Billboard Magazine – Fire On The Floor exclusive!
Check out the interview with Beth and a review of Fire On The Floor in Billboard Magazine Exclusive.
After the arduous creation of her 2015 album Better Than Home, including the death of co-producer Michael Stevens due to complications from cancer, Beth Hart was ready to have some fun — or at least a better time. And the sooner the better.
As such, Hart’s upcoming album Fire On The Floor –– due out Feb. 5 and premiering in full exclusively below — was written and recorded even before its predecessor was mixed. Still reeling from the Better Than Home sessions, Hart felt the best therapy would be working on more music, and she approached her label, Provogue/Mascot, with proposal to return to the studio.
“I assumed, of course, they’d say no,” Hart tells Billboard. “But Ed (van Zijl, Mascot CEO) is a really compassionate guy. He said, ‘Are you disappointed with Better Than Home? I don’t understand.’ And I was like, ‘I fell off a horse. If I don’t get back on I won’t get on again.’ And he got it and gave me the money to make (Fire On The Floor).”
There’s plenty of weight in Fire On The Floor‘s 12 tracks, but the making of the album was as light as Better Than Home was heavy. Hart worked with producer Oliver Leiber, who hosted sessions at his home studio in Toluca Lake, Calif., and brought in ace players such as Waddy Wachtel and Dean Parks on guitar, Ivan Neville and Jim Cox on keyboards and Rick Marotta on drums. “I really needed that experience of getting together with a group of people that are older and have been around a long time and know how to just enjoy themselves and be grateful to be alive, be grateful to make some music,” Hart says. “I really needed to be around that energy. I needed to not take it too seriously this time. We laid down 16 songs in three days. It was super easy.”
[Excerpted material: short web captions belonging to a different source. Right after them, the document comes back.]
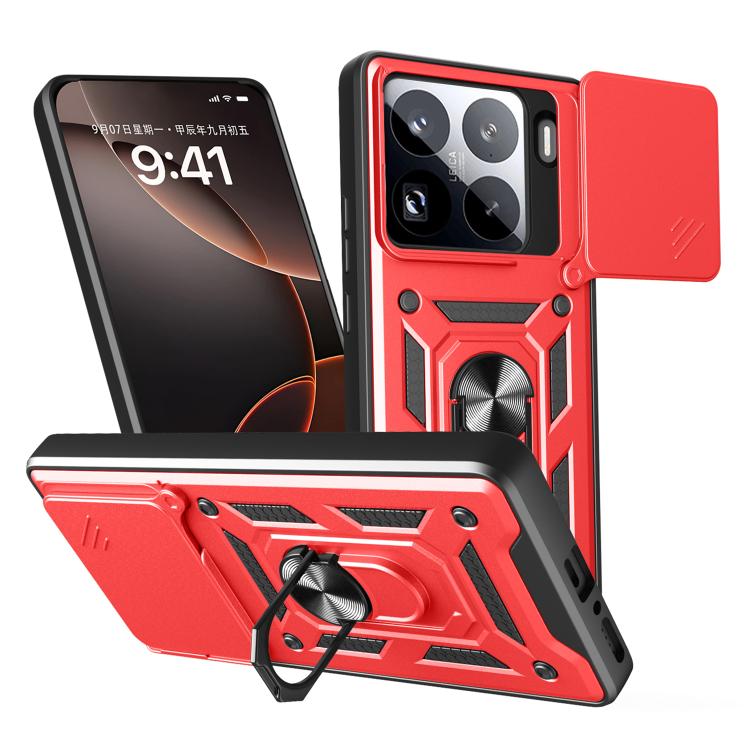 Sliding Camera Cover Design TPU+PC Phone Case, For Xiaomi Poco X7 Pro 5G Global, For Xiaomi Poco M7 Pro 5G, For Xiaomi 15 Pro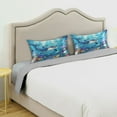 thumbnail image 5 of Satin Pillow Case Standard Silk Pillow Cover for Hair and Skin Envelope Closure Dolphin and Fish 20"x26", 5 of 9
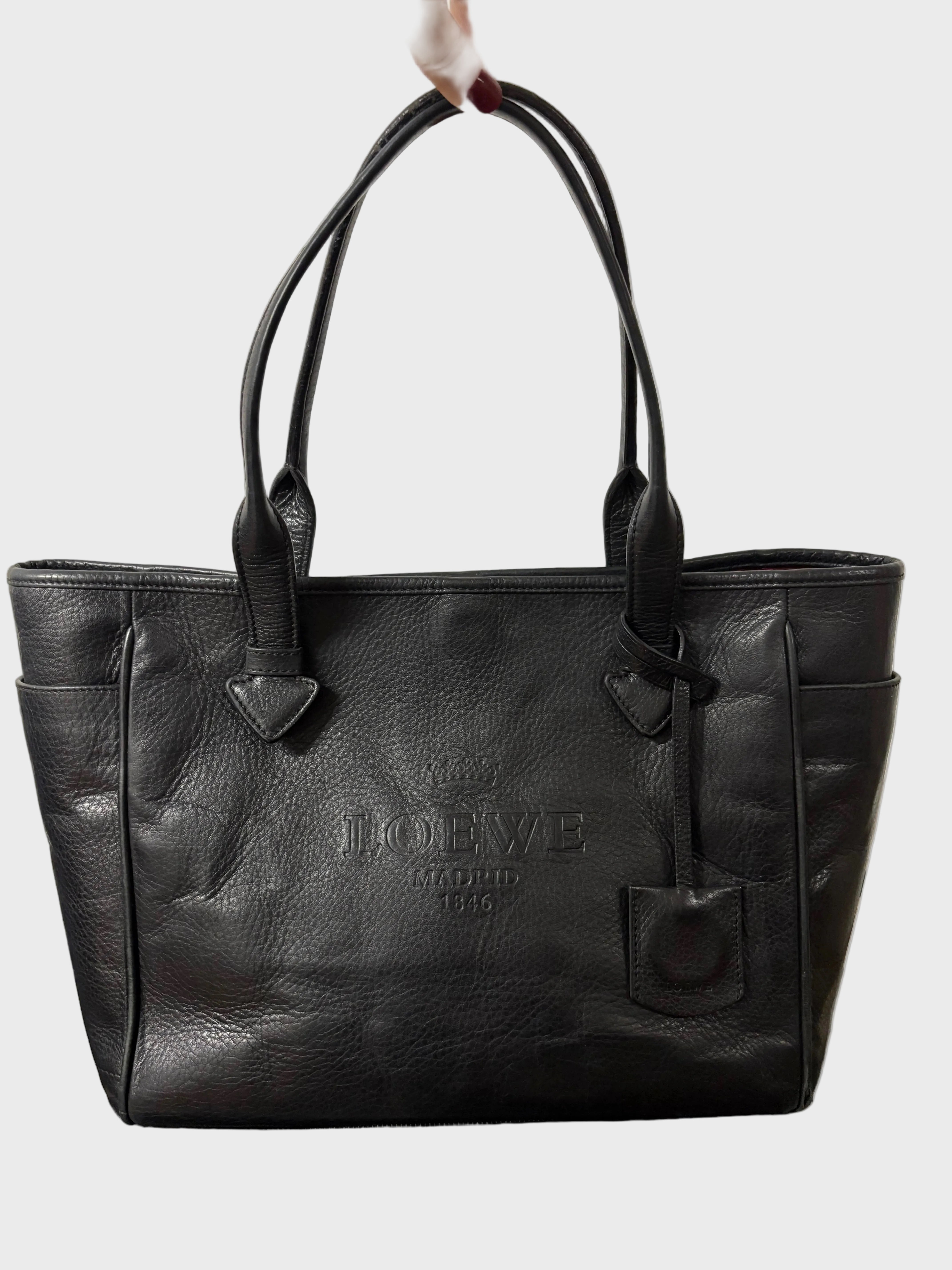 Loewe heritage tote negra vintage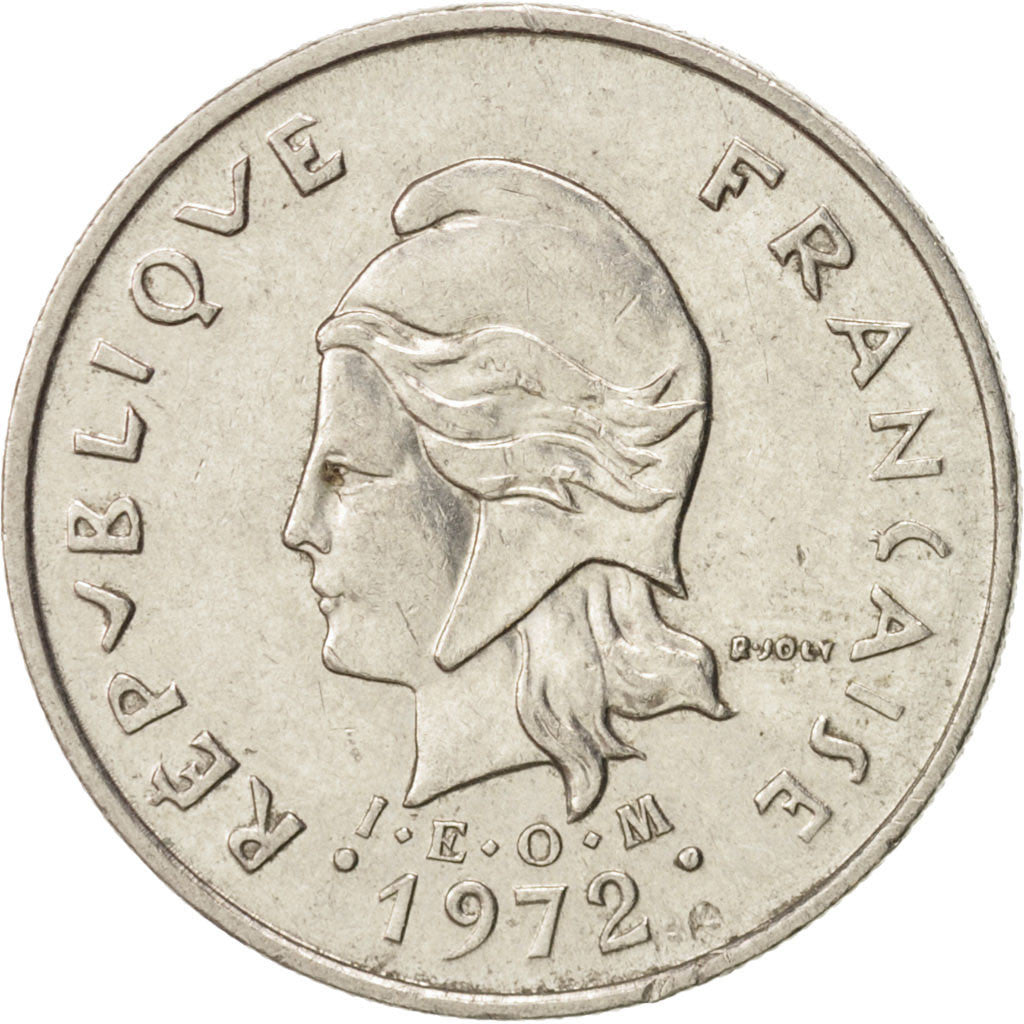 Coin, New Caledonia, 10 Francs, 1972, Paris, EF(40-45), Nickel, KM:11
Kicking off with the jazzy lope of “Jazzman,” Fire On The Floor is broad and diverse, rolling from the soulful grooves of “Love Gangster” to the torchy R&B of “Good Day To Cry” and “Picture In a Frame,” the gritty blues of “Love Is A Lie” and “Coca Cola,” and the crunchy rock of “Fat Man,” which Hart co-wrote with Glenn Burtnick. “I’ve always written all over the place,” Hart notes. “I’ve got a lot of different artists I love from a lot of different genres, so as a writer of course I’m going to write in different areas like that.” And, she adds, Leiber was particularly supportive of that variety.
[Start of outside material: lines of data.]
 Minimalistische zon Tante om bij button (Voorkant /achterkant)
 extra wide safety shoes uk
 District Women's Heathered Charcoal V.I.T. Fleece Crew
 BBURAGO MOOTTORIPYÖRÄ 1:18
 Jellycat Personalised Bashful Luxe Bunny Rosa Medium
“What’s so fabulous about Oliver is he didn’t try to make me into anything I’m not,” she says. “My whole early career I would hear over and over, like a broken record from the label I was with and the producers they’d get me with, was ‘You have to be cohesive!’ I bought it at first, but…What the fuck does that mean? I’m not a bottle of Comet. This is music for God’s sake. That’s like telling someone that when you wear an outfit that every single part of the outfit has to be the same color. There was none of that with Oliver; He just said, ‘Love this song, don’t love this song, love that song…'”
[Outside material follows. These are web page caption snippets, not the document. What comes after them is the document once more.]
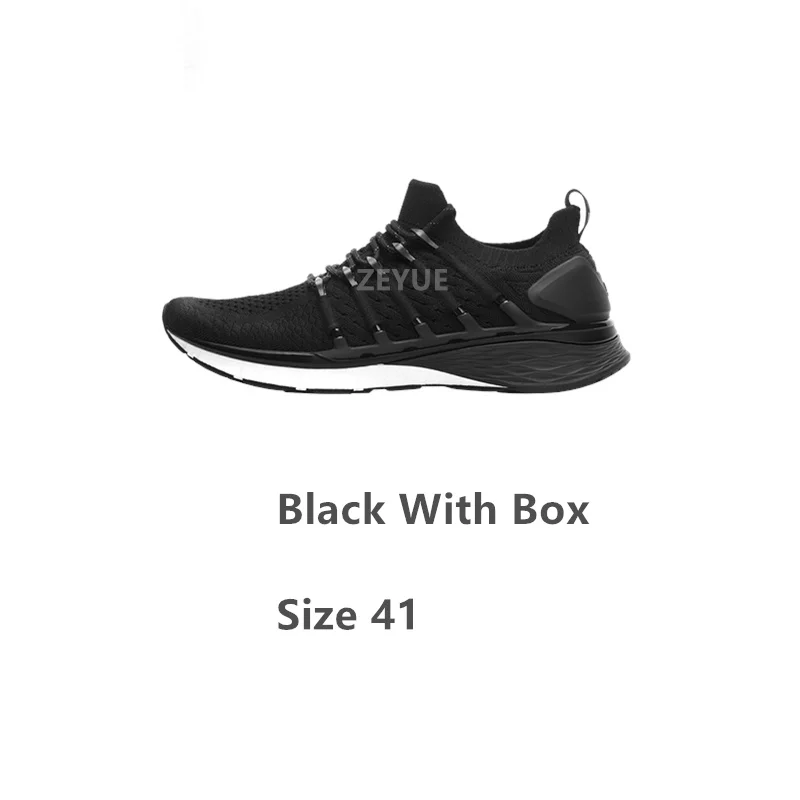 Black With Box 41 Новые Xiaomi Mijia кроссовки спортивная обувь 3 мужские кроссовки Popcorn Cloud Bomb 3D Fishbone Lock system 6 в 1 Uni-moulding - Цвет: Black With Box 41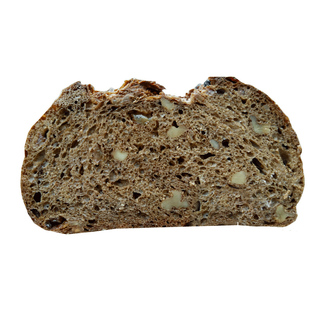 纯全麦咖啡味核桃提子面包不加油全麦面包无代糖核桃餐包粗粮面包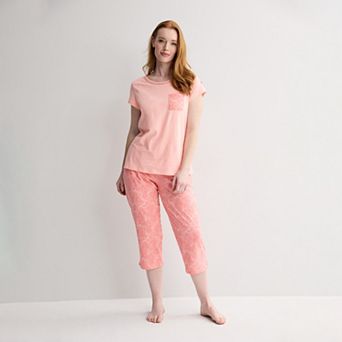 Women's Croft & Barrow® Capri Pajama Set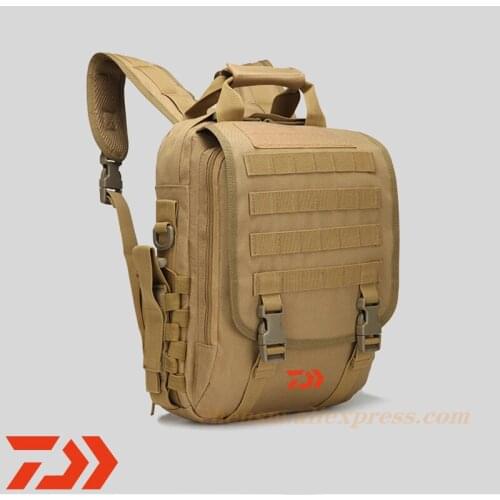 2020 Daiwa Mens New Fashion Camouflage Waterproof Fishing Backpack Computer Outdoor Travel Bag Multifunctional Backpack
Hart and her band will be part of the Keeping The Blues Alive At Sea cruise departing Feb. 6 from Tampa, then begin touring on Feb. 11 in Atlanta, with North American, Australian and European dates booked as well as an eight-date swing during March with the Experience Hendrix tour. She has the next album in the can already, too — a third set with guitarist Joe Bonamassa, the duo’s first since 2013’s Seesaw. It may be a minute before she follows up Fire On The Floor, however.
“I’ve written some songs this year, but I’m kind of taking a break,” she says. “There’s been a lot of work the past few years, so I’m gonna take my time on the next record and breathe a little bit. It’ll be interesting to see what comes next.”